Phthalates are widely recognized endocrine-disrupting chemicals. This study investigates the association between phthalate exposure and cardiovascular disease (CVD), with a particular focus on elucidating the underlying molecular mechanisms. First, an epidemiological analysis was conducted using data from the National Health and Nutrition Examination Survey (NHANES) spanning 2005-2018 to assess the relationship between phthalate metabolites and CVD. Generalized linear models (GLM) and weighted quantile sum (WQS) regression were employed to evaluate the impact of phthalate exposure. Among 12,127 participants, 1301 were diagnosed with CVD. The results showed a significant positive association between phthalate mixtures and CVD prevalence. GLM analysis identified MECPP, MEHHP, MEOHP, and MBzP as independent predictors of CVD (P < 0.05). WQS regression further demonstrated that the phthalate metabolite mixture exposure index was associated with CVD (OR = 1.21, 95 % CI: 1.07-1.37, P = 0.002), highlighting MEOHP, MECPP, MBzP, and MnBP as key contributors. Subgroup analysis revealed that these associations were strongest among individuals aged ≥60 years, females, and during the 2013-2014 NHANES cycle.
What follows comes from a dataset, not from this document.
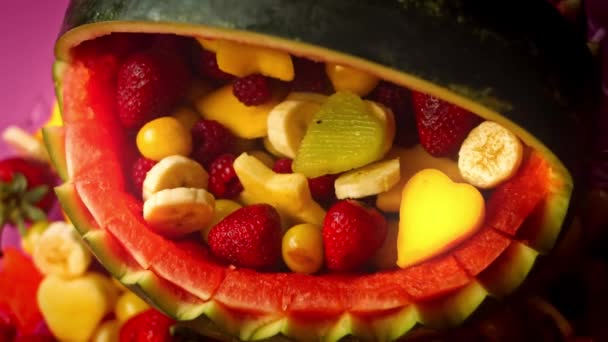 Machen Sie Ihre Geburtstagsparty zu etwas Besonderem mit einem Wassermelonenkorb. 4k-Video — Stockvideo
To further explore the potential molecular mechanisms, we conducted a network toxicology analysis. A protein-protein interaction (PPI) network was constructed using STRING and Cytoscape 3.9.1 to identify key molecular targets associated with phthalate-induced CVD. Gene Ontology (GO) and Kyoto Encyclopedia of Genes and Genomes (KEGG) pathway enrichment analyses indicated that phthalate-induced CVD is linked to neuroactive ligand-receptor interactions, GABAergic synapses, the PI3K-Akt and JAK-STAT signaling pathways, and calcium signaling. Among 29 identified CVD-related targets, seven core targets (GABRA3, GABRG2, GABRA5, GABRA2, BCL2, CCND2, and PIK3CA) were strongly implicated in phthalate-induced cardiovascular toxicity. Molecular docking analysis further confirmed strong binding affinities between phthalate metabolites and key targets, particularly GABRA5, PIK3CA, and BCL2. This study provided robust evidence linking phthalate exposure to CVD and suggests that phthalate-induced cardiovascular toxicity may involve neuroactive signaling, apoptosis, and inflammation-related mechanisms. These findings offered valuable insights for future research and potential therapeutic strategies in environmental health and CVD prevention.